Even the RefSeq mRNA section has some very provisional mammalian predicted cDNAs (from chimp) which appear to be polylinker-type sequences from vector (selected restriction sites are marked)


=XbaI= =PstI=
=BamHI =SalI= =PaeI
pUC19 415 GGGGATCCTCTAGAGTCGACCTGCAGGCATG 444
XM_001160101.1 56 GGGGATCCTCTAGAGTCGACCTGCAGGCAT 85
XM_001146903.1 439 GGATCCTCTAGAGTCGACCTGCAGGCATG 467
XM_001141474.1 1503 GGGATCCTCTAGAGTCGACCTGCAGGCA 1530
XM_001141395.1 922 GGGATCCTCTAGAGTCGACCTGCAGGCA 949


Contamination of various sorts has plagued genome projects from the get-go. Perhaps the most notorious was a large deposition of human ESTs which were donated to the public with great fanfare (as a counterpoint to private EST efforts), only to be found later to be rich in yeast sequences. The solution is to run filters -- search everything you do against vectors, E.coli and other common contaminants. In addition, especially in this day-and-age, if your "human" mRNA sequence doesn't match the genome, you've got some 'splaining to do.

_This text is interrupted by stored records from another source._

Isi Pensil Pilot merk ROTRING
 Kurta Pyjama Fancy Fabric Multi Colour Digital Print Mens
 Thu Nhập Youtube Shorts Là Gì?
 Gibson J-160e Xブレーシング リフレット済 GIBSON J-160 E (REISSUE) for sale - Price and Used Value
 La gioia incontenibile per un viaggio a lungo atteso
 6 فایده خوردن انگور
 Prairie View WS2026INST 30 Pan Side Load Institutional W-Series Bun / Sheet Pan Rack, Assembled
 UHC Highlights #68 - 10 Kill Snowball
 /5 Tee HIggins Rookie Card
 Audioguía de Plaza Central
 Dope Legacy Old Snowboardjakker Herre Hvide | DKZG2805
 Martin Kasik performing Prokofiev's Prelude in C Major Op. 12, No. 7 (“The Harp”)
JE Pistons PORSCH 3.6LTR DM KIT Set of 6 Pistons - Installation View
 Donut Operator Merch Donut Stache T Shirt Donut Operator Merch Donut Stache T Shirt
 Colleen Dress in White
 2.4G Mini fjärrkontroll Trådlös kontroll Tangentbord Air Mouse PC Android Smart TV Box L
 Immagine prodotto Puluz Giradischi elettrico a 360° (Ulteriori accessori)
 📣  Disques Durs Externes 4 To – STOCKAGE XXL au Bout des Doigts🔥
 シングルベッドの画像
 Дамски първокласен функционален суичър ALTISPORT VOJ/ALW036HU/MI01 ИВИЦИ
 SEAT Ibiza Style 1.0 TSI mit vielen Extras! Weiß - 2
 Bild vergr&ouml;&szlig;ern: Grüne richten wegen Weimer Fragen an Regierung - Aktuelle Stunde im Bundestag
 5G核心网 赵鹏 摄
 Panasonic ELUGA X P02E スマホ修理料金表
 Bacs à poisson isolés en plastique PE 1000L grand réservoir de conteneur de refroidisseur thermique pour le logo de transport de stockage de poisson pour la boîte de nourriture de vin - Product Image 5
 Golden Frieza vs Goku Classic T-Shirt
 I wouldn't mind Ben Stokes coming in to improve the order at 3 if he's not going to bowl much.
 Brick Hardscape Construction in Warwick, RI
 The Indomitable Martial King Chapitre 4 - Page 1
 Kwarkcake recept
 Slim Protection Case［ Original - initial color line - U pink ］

What's the harm? Well, when it comes to databases I don't like mess. You always need to check your data, but it's always a nuisance when you actually have to clean it a bunch. Miss something, and some experiment is dirty or worse ruined. Plus, and this is a bit of the theme to my proto-post, some folks haven't yet figured this out & the results are truly ugly. Even worse, these are the obvious problems since bacterial vectors in a eukaryotic sequence truly stick out. Now I'm wondering about all the pUC-like sequences I found in bacterial sources -- can I trust them either?

So, let's all make a it's-still-a-pretty-new-year resolution to recheck our sequencing pipelines. Deliberately throw pUC19 and the E.coli genome through it & see what comes out.

1 comment:

Steven Salzberg said...

Keith, this has been a problem for a long time and only is getting worse - many more people are generating sequence now, and they haven't yet learned the lessons that we learned at the big sequencing centers years ago.

For example, a short paper I was part of years ago was titled "Contamination in the draft of the human genome masquerades as lateral gene transfer." (Willerslev et al., 2002) The point was that "human" sequences in GenBank at the time were bacterial, not human, and that scientists looking for evidence of lateral gene transfer - an important research topic, then and now - could easily be misled by these contaminents.

For big projects, the folks at NCBI recently implemented a screening protocol to check for common vector sequences, but their protocol can't be expected to catch everything.